The changing face of clubs - the rise of alternative club spaces
With Miller Genuine Draft
Clubs are central to the electronic music scene, but increasingly their aesthetic has become fluid. From beaches to rooftops, restored industrial buildings, caves, boats and even piers, our favourite dance floor destinations are no longer limited to dark rooms, light shows and a focal DJ on stage.
The results of our annual Top 100 Clubs poll, powered by Miller Genuine Draft, demonstrate that the epithet ‘club’ only tells half of the story.
This year’s No.1 ‘Club’, Green Valley in Brazil, began life as a makeshift tent in the middle of an airfield, surrounded by lush vegetation. These days it is a vast dance music experience – more akin to a small festival – boasting three main areas, multiple bars, a merchandising boutique and even a picturesque lake in the centre of it’s grounds.
And it’s far from a single outlier, Brazil is renowned for this style of venue.
El Fortin makes good use of the country’s warm climate by being an open-air club house in a grand wooden pyramid. The exposed structure is like an overblown beach hut and is bathed in warm red and blue lights with lush greenery all around it.
Laroc meanwhile, situated slap-bang in tropical paradise due north of São Paulo in Valinhos, is a truly singular venue in every sense. A breath-taking open-air structure in the middle of a lush valley surrounded by forests and mountains, it’s a place where festival and super-club vibes combine by way of a pool, huge LEDs, a precision soundsystem and a stunning sunset vantage point.
In Croatia al-fresco dancing has become a defining character. As detailed in our rundown of the country’s best clubs, venues like Papaya, Aquarius and Kalypso share a stretch of beach overlooking the Adriatic. With swimming pools and multi-level dancefloors, they are about as far from the traditional club space that can be imagined.
To take things one step forward, neighbouring Zrce Beach club NOA is suspended on a pier heading out into the sea. And it’s not the only venue of its type in the ranking…
In Paris, where strict legislation and gentrification of the inner city areas forced most dance music venues into the city’s suburbs, Concrete emerged as an underground, inner city saviour.
The venue is a stationary, three story floating nightclub that has become infamous for it’s monthly Samedimanche party that runs for a supercharged 28 hours with 12 to 15 artists invited to play over the duration.
Another European city affected by legislation and venue closures is London. Once one of Europe’s most culturally exciting cities for enjoying electronic music, the UK capital faced a humiliating run of venue closures between 2008-2016.
But from that loss came a visible rise of alternative club spaces. Two of these venues – Tobacco Dock & Printworks – are now ranked in the Top 100 Clubs poll in their own right.
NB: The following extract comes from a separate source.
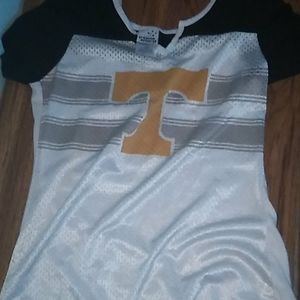 Size s/p white orange and black shirt.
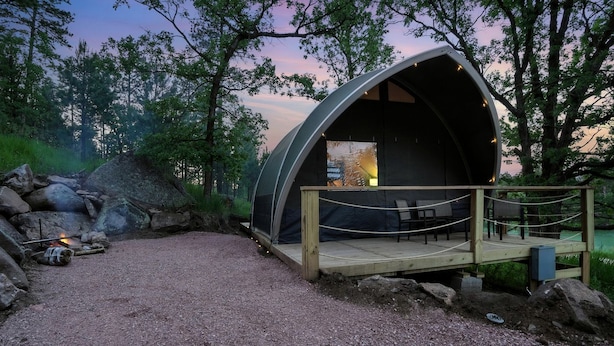 Une structure extérieure semi-circulaire et abritée, dotée d’une terrasse en bois et d’un espace salon, entourée d’un paysage naturel et bordée d’un chemin de gravier.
Paul Jack, one of the three directors — alongside partners Alice Favre and Will Harold — of London Warehouse Events (LWE), was instrumental in in setting up Printworks (a project the trio have now moved on from) and also Tobacco Dock, where Adam Beyer’s Drumcode parties have become the stuff of legend.
When choosing venues to repurpose for events, Favre, says they look out for “anything raw and striking”. Interesting industrial or architectural features as the benchmark when sourcing alternative spaces. “Tobacco Dock has beautiful wooden beams and so many different materials,” Favre continues. “While Printworks had lots of concrete contrasted with blue metal everywhere.”
It goes without saying that the space in which we party only changes so much. The process is the same whatever the location; the ritual of gathering to dance and listen to music with friends, and to be part of a communal experience, was established long before dance music or nightclubs ever existed. It goes deeper.
And the reality is that these alternative spaces are only one part of the story told by the Top 100 Clubs results. For every unique alternative club space listed in our annual ranking there is another homogenous, yet equally exciting, venue, sometimes inside a hotel complex or located on an urban strip.
This is not a wholesale takeover of alternative venues, but rather a widening of the classification of the places we gather to enjoy the music we love, which can only be positive in promoting our diverse, thriving global 'club' scene.